# Teeny Tiny - My 3rd build Elmer's tiny at 1/2 scale



## 90LX_Notch (Mar 26, 2009)

I completed my third build today. It was a very frustrating build. Drilling tiny holes on 15" 1/2 hp drillpress without an x-y table is not very fun (snapped a few bits). Amongst the many lessons learned during this build I learned that I need a milling machine.

Now that it's done and runs, I have to say the little [email protected]#$%[email protected] brings me great satisfaction. ;D In the end this has been a great experience.

Thanks HMEM,

Bob

edit - 3/27/09 - Added pictures with original "Tiny"


[ame]http://www.youtube.com/watch?v=01XnDxemuCM[/ame]


----------



## speakerme (Mar 26, 2009)

Wow, Nice Job,

That one is a little screamer!

By all means get yourself a milling machine!

Best Wishes


Chuck M


----------



## Shopguy (Mar 26, 2009)

Congratulations :bow:
Having built a full scale Tiny myself, I can well imagine some of the problems you ran into building to half scale.

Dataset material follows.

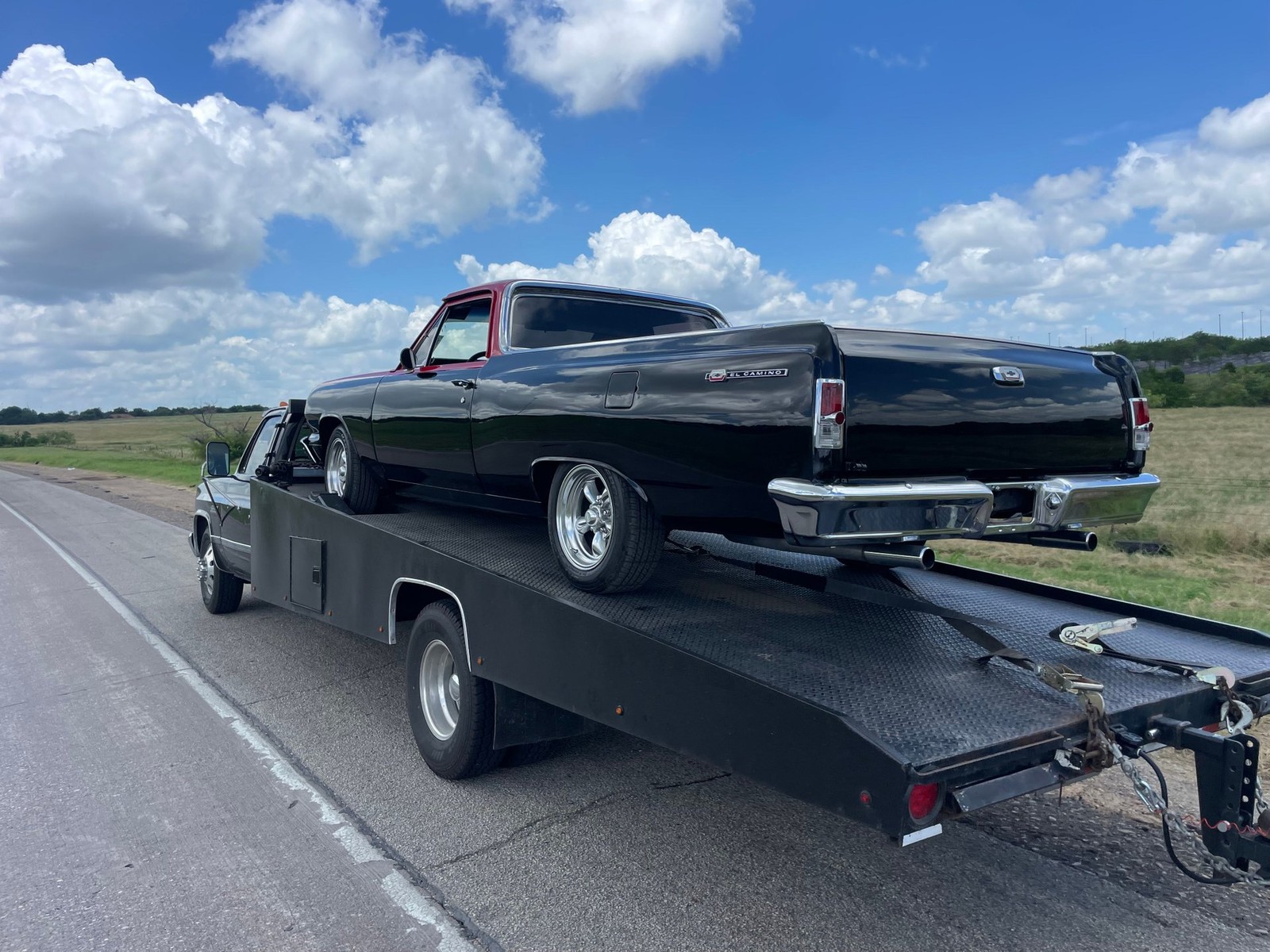 Chevrolet-El-Camino-1964-1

Good going. Yes, get a milling machine by all means.
Keep up the good work 
Ernie J 
In Olds, Alberta.


----------



## Metal Butcher (Mar 26, 2009)

Holy Moly! That's incredibly small!

I'm scaling my builds UP so I can see what I'm doing!

When I saw the still picture on the video screen I thought it was much larger. Then when I saw the parts surrounding the penny I couldn't believe my eyes!

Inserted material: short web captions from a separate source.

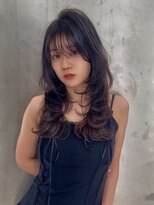 シュルール 所沢プロぺ通り店(chorule)&nbsp;伸ばしかけでも動かせるフェイスレイヤー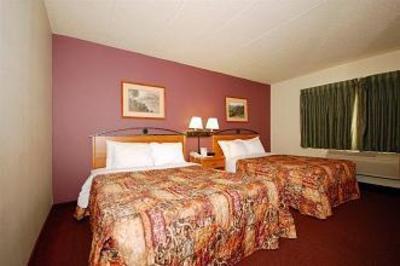 фото отеля AmericInn Lodge & Suites Grimes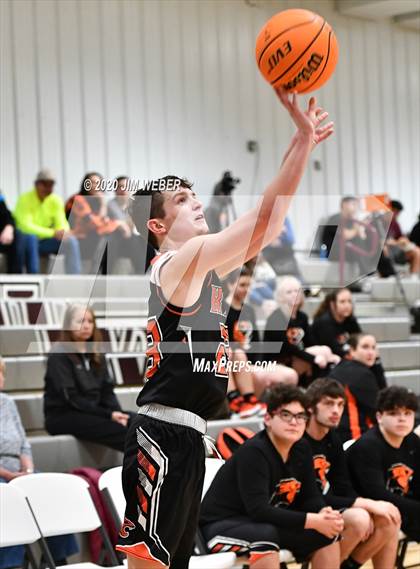 Thumbnail 3 in Keota @ Webbers Falls photogallery.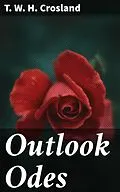 E-Book (epub) Outlook Odes von T. W. H. Crosland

Here's a thought, That penny would make a good base. If you use contact cement you avoid breaking any laws or damaging the motor, and old Abe won't mind a bit!

Excellent build! :bow:

-MB


----------



## 90LX_Notch (Mar 26, 2009)

Thanks everyone. In the video it was running around 7 psi. I have run it down to 2 psi and still looks like it is zipping along. I'll try to get video of it running off of my big compressor this way there won't be any noise, just the engine. 

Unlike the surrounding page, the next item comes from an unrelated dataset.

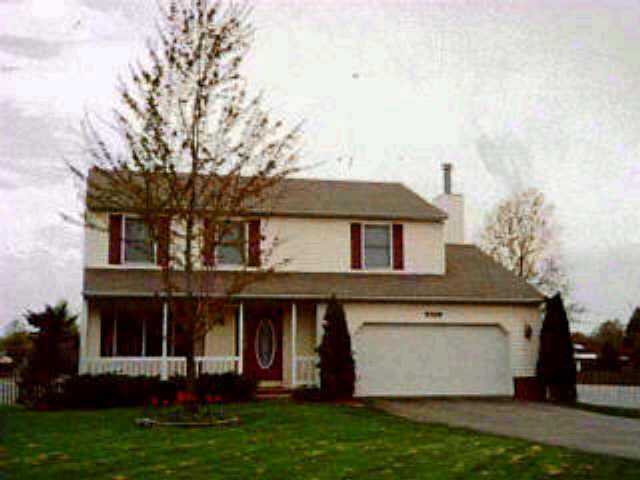9589 Refugee Road Pickerington, OH 43147 - Photo 1 of 1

Metal Butcher - I know what you mean about not being able to see. Now that I am over 40 I can't see as well up close. That was a big part of the frustration in building this one. I like the penny idea. The column is tapped with a 2-56 thread from the bottom. I might just have to drill through old Abe. 

Shopguy- Lets just say I made a lot of little "fixtures" to aid in this build. I also had to wind my own spring. (Try and find one that small.) Same with the air line. It's a 1-72 screw with the head removed and drilled .040 thru with shrink tubing attached.


----------



## bentprop (Mar 27, 2009)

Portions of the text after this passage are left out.